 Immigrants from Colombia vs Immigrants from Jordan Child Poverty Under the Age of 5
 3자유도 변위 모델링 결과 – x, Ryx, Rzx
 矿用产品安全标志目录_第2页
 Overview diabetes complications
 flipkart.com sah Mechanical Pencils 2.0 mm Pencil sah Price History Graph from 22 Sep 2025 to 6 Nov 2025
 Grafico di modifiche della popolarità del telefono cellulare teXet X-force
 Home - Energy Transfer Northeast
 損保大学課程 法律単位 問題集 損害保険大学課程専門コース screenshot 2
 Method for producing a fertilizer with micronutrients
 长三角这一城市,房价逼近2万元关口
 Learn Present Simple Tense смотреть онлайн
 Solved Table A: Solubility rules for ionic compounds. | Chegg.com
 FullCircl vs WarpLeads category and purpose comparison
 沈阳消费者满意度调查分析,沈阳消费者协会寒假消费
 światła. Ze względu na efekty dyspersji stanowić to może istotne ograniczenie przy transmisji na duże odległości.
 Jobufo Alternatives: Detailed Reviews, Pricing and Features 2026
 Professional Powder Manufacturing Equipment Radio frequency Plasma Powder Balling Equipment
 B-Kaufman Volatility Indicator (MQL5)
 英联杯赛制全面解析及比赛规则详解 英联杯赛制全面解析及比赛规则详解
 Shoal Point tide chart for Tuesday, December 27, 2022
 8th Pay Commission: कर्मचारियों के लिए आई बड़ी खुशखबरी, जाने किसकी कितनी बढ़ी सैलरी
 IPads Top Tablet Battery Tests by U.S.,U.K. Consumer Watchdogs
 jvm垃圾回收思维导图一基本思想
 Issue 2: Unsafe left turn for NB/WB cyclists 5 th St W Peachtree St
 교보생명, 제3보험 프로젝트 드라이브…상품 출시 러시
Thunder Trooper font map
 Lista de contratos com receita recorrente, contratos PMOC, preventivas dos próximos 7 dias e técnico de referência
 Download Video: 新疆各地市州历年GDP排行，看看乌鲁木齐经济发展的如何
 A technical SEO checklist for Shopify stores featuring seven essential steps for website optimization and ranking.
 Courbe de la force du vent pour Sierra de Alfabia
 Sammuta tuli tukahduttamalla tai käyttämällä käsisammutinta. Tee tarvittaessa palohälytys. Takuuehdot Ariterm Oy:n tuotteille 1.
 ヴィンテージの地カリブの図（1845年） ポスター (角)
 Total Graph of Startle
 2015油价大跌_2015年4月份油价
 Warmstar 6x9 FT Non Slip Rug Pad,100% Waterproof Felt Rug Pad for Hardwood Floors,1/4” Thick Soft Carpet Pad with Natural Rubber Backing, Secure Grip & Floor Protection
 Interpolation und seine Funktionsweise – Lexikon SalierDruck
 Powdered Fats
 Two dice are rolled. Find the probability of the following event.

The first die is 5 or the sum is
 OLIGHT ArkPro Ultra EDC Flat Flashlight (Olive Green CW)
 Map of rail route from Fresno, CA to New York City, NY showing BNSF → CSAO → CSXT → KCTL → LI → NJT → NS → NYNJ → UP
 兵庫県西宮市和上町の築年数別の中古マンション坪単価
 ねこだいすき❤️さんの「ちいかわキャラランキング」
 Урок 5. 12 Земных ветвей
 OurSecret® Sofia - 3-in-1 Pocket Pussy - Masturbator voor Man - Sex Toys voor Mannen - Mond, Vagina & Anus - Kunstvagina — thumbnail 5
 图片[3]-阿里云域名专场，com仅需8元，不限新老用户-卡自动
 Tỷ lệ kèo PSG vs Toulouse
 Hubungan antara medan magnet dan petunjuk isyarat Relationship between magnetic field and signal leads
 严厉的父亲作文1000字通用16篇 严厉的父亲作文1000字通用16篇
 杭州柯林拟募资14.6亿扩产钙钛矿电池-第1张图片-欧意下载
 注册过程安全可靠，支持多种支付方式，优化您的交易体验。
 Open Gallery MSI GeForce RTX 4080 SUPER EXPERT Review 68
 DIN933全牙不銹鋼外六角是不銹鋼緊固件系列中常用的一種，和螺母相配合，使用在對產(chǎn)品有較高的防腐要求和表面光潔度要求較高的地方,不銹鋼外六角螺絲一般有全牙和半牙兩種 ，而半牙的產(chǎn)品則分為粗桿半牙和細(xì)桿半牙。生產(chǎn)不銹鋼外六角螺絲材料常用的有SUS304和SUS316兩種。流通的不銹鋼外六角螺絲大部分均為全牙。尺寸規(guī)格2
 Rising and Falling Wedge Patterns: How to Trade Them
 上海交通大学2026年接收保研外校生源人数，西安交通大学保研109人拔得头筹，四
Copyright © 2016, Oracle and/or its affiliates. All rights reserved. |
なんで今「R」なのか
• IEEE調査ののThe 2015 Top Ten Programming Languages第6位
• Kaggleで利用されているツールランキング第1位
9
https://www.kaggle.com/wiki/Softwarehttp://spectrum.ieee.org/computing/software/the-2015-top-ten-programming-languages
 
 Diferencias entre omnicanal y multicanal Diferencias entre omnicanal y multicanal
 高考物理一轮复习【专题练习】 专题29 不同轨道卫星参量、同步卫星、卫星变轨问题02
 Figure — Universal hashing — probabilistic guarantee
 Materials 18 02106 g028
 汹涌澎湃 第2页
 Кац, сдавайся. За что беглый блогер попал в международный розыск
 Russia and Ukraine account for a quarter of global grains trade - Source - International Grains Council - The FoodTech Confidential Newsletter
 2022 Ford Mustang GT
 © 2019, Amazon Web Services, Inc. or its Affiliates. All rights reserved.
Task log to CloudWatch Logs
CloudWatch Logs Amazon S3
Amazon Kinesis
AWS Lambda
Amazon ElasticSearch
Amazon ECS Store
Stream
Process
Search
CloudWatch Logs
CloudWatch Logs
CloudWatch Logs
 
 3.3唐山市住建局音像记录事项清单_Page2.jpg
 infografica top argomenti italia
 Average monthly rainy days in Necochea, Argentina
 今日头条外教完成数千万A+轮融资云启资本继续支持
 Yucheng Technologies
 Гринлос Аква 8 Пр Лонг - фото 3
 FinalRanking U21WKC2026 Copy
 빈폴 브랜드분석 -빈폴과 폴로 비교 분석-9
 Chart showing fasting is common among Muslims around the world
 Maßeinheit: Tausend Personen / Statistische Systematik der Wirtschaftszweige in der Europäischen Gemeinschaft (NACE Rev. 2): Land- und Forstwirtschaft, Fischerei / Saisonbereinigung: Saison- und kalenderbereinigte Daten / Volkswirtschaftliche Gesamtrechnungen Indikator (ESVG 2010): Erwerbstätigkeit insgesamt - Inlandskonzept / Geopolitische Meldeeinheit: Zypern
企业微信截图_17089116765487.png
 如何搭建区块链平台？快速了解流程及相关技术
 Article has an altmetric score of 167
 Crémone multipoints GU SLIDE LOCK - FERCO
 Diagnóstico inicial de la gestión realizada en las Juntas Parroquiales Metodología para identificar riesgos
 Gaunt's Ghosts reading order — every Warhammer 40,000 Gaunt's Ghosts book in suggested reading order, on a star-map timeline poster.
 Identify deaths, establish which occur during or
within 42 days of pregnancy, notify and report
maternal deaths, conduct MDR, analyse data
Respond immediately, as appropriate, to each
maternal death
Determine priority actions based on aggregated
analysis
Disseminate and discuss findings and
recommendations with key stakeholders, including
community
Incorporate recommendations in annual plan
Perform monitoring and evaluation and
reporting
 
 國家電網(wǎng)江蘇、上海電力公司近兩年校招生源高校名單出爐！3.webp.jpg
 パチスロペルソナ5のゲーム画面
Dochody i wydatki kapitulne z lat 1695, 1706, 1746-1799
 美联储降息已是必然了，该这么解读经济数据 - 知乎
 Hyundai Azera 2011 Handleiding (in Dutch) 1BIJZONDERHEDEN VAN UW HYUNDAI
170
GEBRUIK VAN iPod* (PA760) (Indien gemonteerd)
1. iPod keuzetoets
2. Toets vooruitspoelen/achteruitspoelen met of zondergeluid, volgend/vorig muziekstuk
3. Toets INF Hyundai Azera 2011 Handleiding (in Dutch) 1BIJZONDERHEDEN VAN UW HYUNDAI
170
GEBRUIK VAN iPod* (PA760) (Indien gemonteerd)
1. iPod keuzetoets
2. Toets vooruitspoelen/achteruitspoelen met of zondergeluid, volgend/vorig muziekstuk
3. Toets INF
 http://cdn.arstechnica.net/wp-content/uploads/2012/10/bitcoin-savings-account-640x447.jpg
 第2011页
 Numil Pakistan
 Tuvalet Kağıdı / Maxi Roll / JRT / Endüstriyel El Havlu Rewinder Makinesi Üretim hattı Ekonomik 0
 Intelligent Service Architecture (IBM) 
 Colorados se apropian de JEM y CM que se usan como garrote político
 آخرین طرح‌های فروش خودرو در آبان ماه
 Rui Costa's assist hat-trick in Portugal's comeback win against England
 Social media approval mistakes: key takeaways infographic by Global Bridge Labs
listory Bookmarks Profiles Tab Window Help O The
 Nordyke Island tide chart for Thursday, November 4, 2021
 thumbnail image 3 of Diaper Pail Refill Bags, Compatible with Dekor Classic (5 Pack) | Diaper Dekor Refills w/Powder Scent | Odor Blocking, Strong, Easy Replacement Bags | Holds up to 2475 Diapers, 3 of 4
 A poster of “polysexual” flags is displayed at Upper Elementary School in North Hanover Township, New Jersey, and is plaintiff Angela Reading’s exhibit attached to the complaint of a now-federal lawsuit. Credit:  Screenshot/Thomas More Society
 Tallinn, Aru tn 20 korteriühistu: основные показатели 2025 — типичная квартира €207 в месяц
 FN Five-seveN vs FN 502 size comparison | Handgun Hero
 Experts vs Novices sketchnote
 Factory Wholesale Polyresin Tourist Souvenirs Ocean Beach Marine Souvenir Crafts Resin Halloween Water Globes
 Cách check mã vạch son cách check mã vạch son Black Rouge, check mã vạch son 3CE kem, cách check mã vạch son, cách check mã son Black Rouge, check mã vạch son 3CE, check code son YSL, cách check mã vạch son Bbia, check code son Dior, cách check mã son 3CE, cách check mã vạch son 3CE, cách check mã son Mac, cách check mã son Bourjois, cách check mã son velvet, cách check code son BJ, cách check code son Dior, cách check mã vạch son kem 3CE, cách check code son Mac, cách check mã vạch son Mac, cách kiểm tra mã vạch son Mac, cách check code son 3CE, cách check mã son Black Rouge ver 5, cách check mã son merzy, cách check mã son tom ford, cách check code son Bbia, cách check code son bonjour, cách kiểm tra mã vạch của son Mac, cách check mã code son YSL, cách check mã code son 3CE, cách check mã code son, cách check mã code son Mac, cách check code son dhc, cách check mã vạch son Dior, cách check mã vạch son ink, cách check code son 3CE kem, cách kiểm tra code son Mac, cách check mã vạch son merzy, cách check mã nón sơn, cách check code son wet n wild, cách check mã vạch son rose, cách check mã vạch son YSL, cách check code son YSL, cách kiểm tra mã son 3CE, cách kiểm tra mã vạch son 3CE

□ □ □ □ □

Lines from the first one above through the line containing "2015油价大跌_2015年4月份油价" are to be retyped exactly, both included, and nothing more.

Written answer
 Immigrants from Colombia vs Immigrants from Jordan Child Poverty Under the Age of 5
 3자유도 변위 모델링 결과 – x, Ryx, Rzx
 矿用产品安全标志目录_第2页
 Overview diabetes complications
 flipkart.com sah Mechanical Pencils 2.0 mm Pencil sah Price History Graph from 22 Sep 2025 to 6 Nov 2025
 Grafico di modifiche della popolarità del telefono cellulare teXet X-force
 Home - Energy Transfer Northeast
 損保大学課程 法律単位 問題集 損害保険大学課程専門コース screenshot 2
 Method for producing a fertilizer with micronutrients
 长三角这一城市,房价逼近2万元关口
 Learn Present Simple Tense смотреть онлайн
 Solved Table A: Solubility rules for ionic compounds. | Chegg.com
 FullCircl vs WarpLeads category and purpose comparison
 沈阳消费者满意度调查分析,沈阳消费者协会寒假消费
 światła. Ze względu na efekty dyspersji stanowić to może istotne ograniczenie przy transmisji na duże odległości.
 Jobufo Alternatives: Detailed Reviews, Pricing and Features 2026
 Professional Powder Manufacturing Equipment Radio frequency Plasma Powder Balling Equipment
 B-Kaufman Volatility Indicator (MQL5)
 英联杯赛制全面解析及比赛规则详解 英联杯赛制全面解析及比赛规则详解
 Shoal Point tide chart for Tuesday, December 27, 2022
 8th Pay Commission: कर्मचारियों के लिए आई बड़ी खुशखबरी, जाने किसकी कितनी बढ़ी सैलरी
 IPads Top Tablet Battery Tests by U.S.,U.K. Consumer Watchdogs
 jvm垃圾回收思维导图一基本思想
 Issue 2: Unsafe left turn for NB/WB cyclists 5 th St W Peachtree St
 교보생명, 제3보험 프로젝트 드라이브…상품 출시 러시
Thunder Trooper font map
 Lista de contratos com receita recorrente, contratos PMOC, preventivas dos próximos 7 dias e técnico de referência
 Download Video: 新疆各地市州历年GDP排行，看看乌鲁木齐经济发展的如何
 A technical SEO checklist for Shopify stores featuring seven essential steps for website optimization and ranking.
 Courbe de la force du vent pour Sierra de Alfabia
 Sammuta tuli tukahduttamalla tai käyttämällä käsisammutinta. Tee tarvittaessa palohälytys. Takuuehdot Ariterm Oy:n tuotteille 1.
 ヴィンテージの地カリブの図（1845年） ポスター (角)
 Total Graph of Startle
 2015油价大跌_2015年4月份油价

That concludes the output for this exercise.